New to the market this season is Sharon Smith of Boonesville, who is offering three types of goat cheese she is making at home under strict sanitary conditions, a crumble type, yogurt and a cheese called quark (like the subatomic particle), a mild spreadable cheese popular in Europe. One week she brought one of her 10 Alpine goats with her to the market. She is currently milking three of them and looking forward to a break from the twice-a-day chore when September gets here. She brings the cheese she can make in one week to market in a cooler and so far has sold out every week. “It goes for $3 per half cup, or about ¼ ounce. “That’s better than in a store,” she said. “It’s a reasonable price.” She is pleased to have so many repeat customers already. “It’s been fun,” she said.
“Her cheese is awesome!” volunteered John Watts, a vendor nearby.
Smith’s goats started out as just pets.

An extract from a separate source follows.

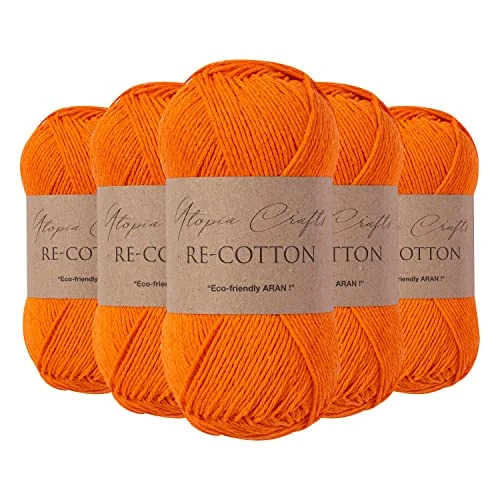 Offre limitee: Utopia Crafts Re-Cotton Lot de 5 pelotes de fil à tricoter de 100 g - Orange citrouille de 12.95 EUR a 8.70 EUR (economie 33%)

She lost several to a bear who had become predatory and had to be captured and moved by the forest service.
A regular at the market these days is Jerry Reid, 67, who moved to Crozet two years ago from Richmond when he retired—he still works part-time for his old company—and enrolled at U.Va. as an undergraduate. This year he is joining Chi Phi Alpha fraternity and participating in all their events. When he was young, he had a friend who was in Chi Phi at U.Va and he would come up for fraternity parties. He met his wife at one. Reid never bothered about college for himself back then.
“I get into the student section at games,” said Reid happily. “The key thing is, I am accepted on face value.” He is also in the venerable Jefferson Debating Society. He’s taking three courses now and expects to graduate in 2013. “One of my advisors said, ‘Mr. Reid will not allow anything to prevent him from getting a true undergraduate experience,” he recalled with a laugh.
“It’s a dream come true,” he said. He went to a community college to earn 53 credits before coming to U.Va. He is a humanities major with no more math or science requirements left to fulfill. His longer-term goal is to teach creative writing and he means to go for an MFA once he graduates.
“My other fraternity brothers tell me I’m a 20-year-old with 47 years of very useful experience.” He said he is often asked for fatherly advice and sometimes when a question is asked in class, other students will turn and look at him, expecting him to have something to say because of his age.
“I am completely humbled by this experience,” said Reid. “I know I’ve inspired three other people to go back to school. I want to be able to teach one person to write creatively who didn’t think they could.”